*** Begin section ***

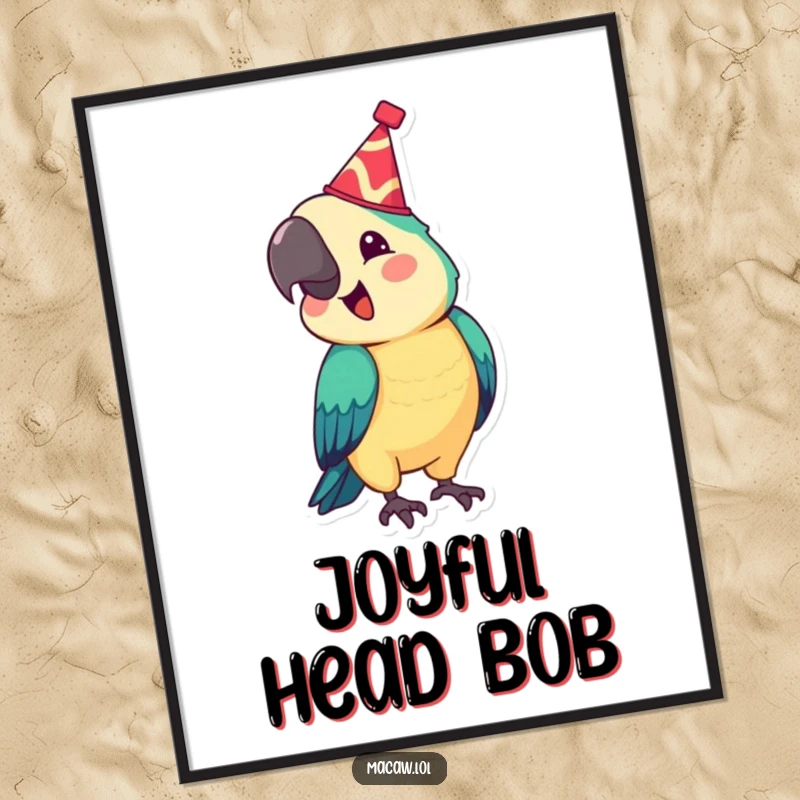 Funny poster print of a festive macaw wearing a tiny hat, bobbing its head joyfully, a humorous and celebratory animal design, perfect for wall art and as a funny gift.
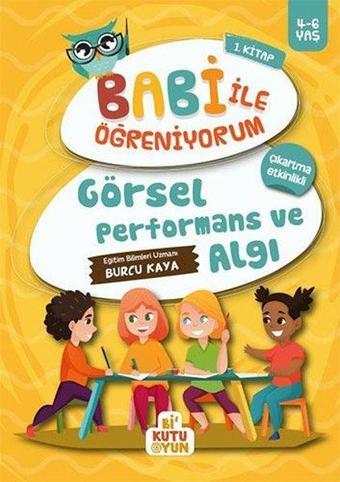 Görsel Performans ve Algı - Babi ile Öğreniyorum 1.Kitap - Kolektif  - Bi Kutu Oyun Yayınevi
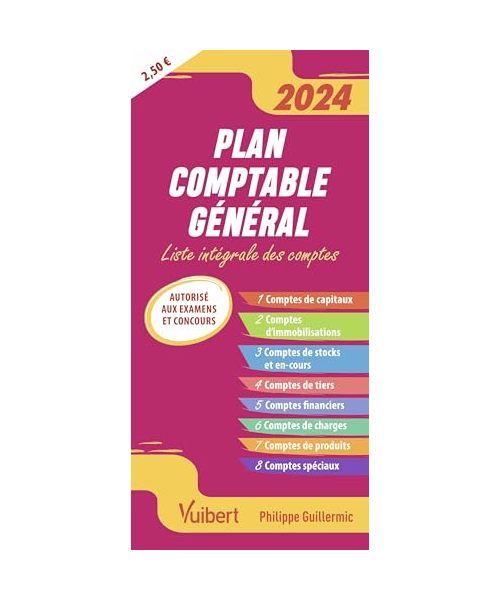 Plan comptable général 2024-2025: Liste intégrale des comptes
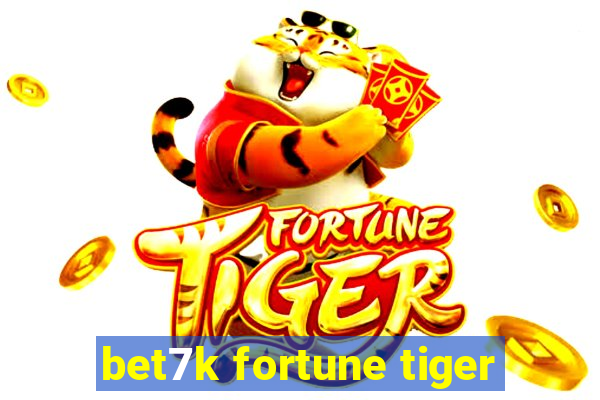 bet7k fortune tiger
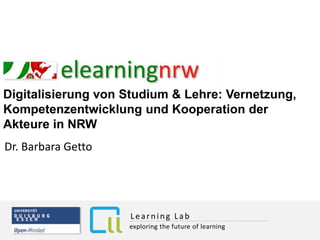 Dr. Barbara Getto
Digitalisierung von Studium & Lehre: Vernetzung,
Kompetenzentwicklung und Kooperation der
Akteure in NRW
exploring the future of learning
Learning Lab
 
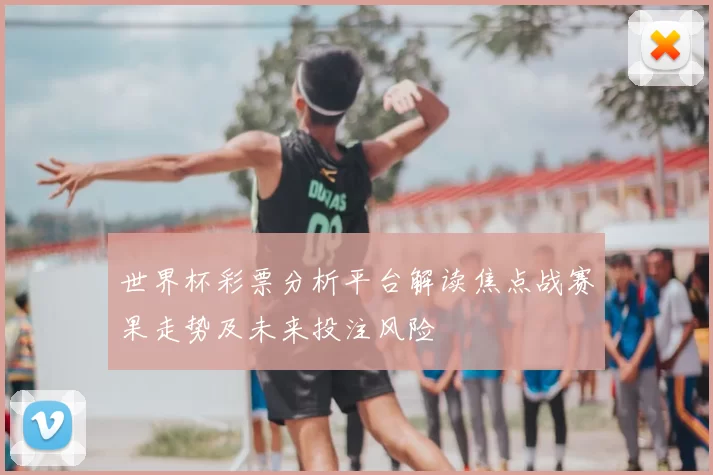 世界杯彩票分析平台解读焦点战赛果走势及未来投注风险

*** End section ***

Every record is to be restated word for word, with the pictures left out.

> _SOLUTION_
 Funny poster print of a festive macaw wearing a tiny hat, bobbing its head joyfully, a humorous and celebratory animal design, perfect for wall art and as a funny gift.
 Görsel Performans ve Algı - Babi ile Öğreniyorum 1.Kitap - Kolektif  - Bi Kutu Oyun Yayınevi
 Plan comptable général 2024-2025: Liste intégrale des comptes
 bet7k fortune tiger
 Dr. Barbara Getto
Digitalisierung von Studium & Lehre: Vernetzung,
Kompetenzentwicklung und Kooperation der
Akteure in NRW
exploring the future of learning
Learning Lab
 
 世界杯彩票分析平台解读焦点战赛果走势及未来投注风险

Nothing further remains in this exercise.